Inaugurating the second edition of the Odisha Literary Festival, organised by The New Indian Express, Union Minster Shashi Tharoor said ignorance and prejudice remain the handmaidens of violence.
“It is true of terrorism as it is of modern civil conflicts that men of war prey on the ignorance of the populace to instill fear and arouse hatred,” Tharoor said, adding in Bosnia and Rwanda, murderous, even genocidal ideologies took root in the absence of truthful information and honest education.
“If only half the effort had gone into teaching those people what unites them, and not what divides them, unspeakable crimes could have been prevented,” he said. Literature can bring down violence in today’s world as reading and writing broadens minds, he added. Stating that two contradictory forces shape the world of letters today, Tharoor said the first is globalisation of human imagination and the second is anxiety of audience.
The world of trade and commerce are new to the process of globalisation and human imagination got there first.
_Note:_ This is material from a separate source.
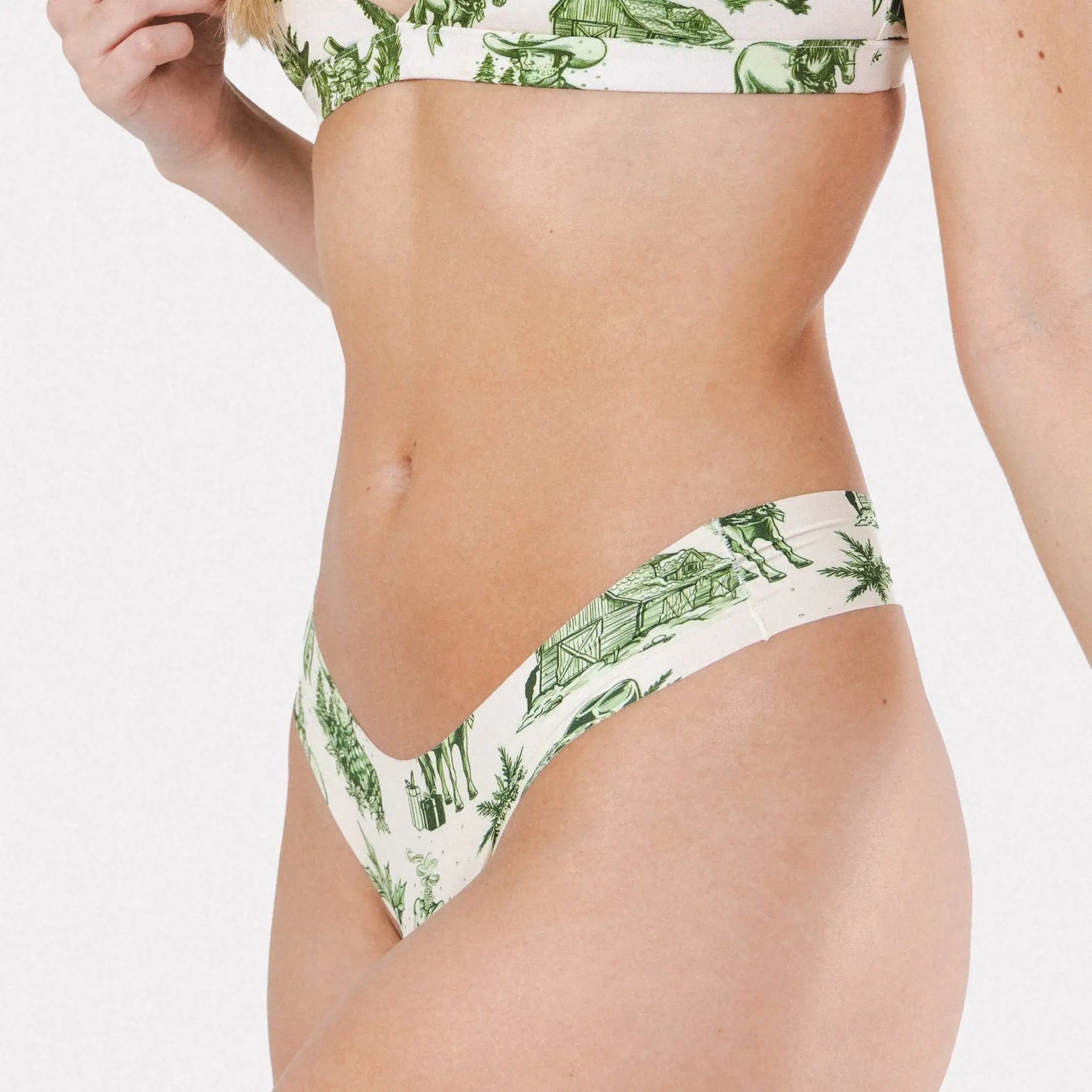 The Western Wonderland | Western Toile Seamless Thong - Shinesty - Flyclothing LLC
The terrorist attacks like 9/11 in New York and 26/11 in Mumbai are forces of disruption which threaten to create divisions between the haves and have nots, between North and South, Tharoor said, adding, these two phenomena are clearly pulling us together as well as they drive us apart.
The Union Minister said the fundamental conflict of our times is not the clash between two civilisations, but doctrines-religious and ethnic fundamentalism on the one hand, secular consumerist capitalism on the other.
Delivering his address on the occasion, Editorial Director of The New Indian Express Prabhu Chawla said the basic focus of this festival remains unchanged: it is to refocus attention on Indian literature.
Unlike other literary festivals which promote largely Indian writing in English or works of fiction and non-fiction by foreigners, Chawla said, this event focuses as much on regional, particularly Odia literature, poetry and culture, as also English and other Indian languages.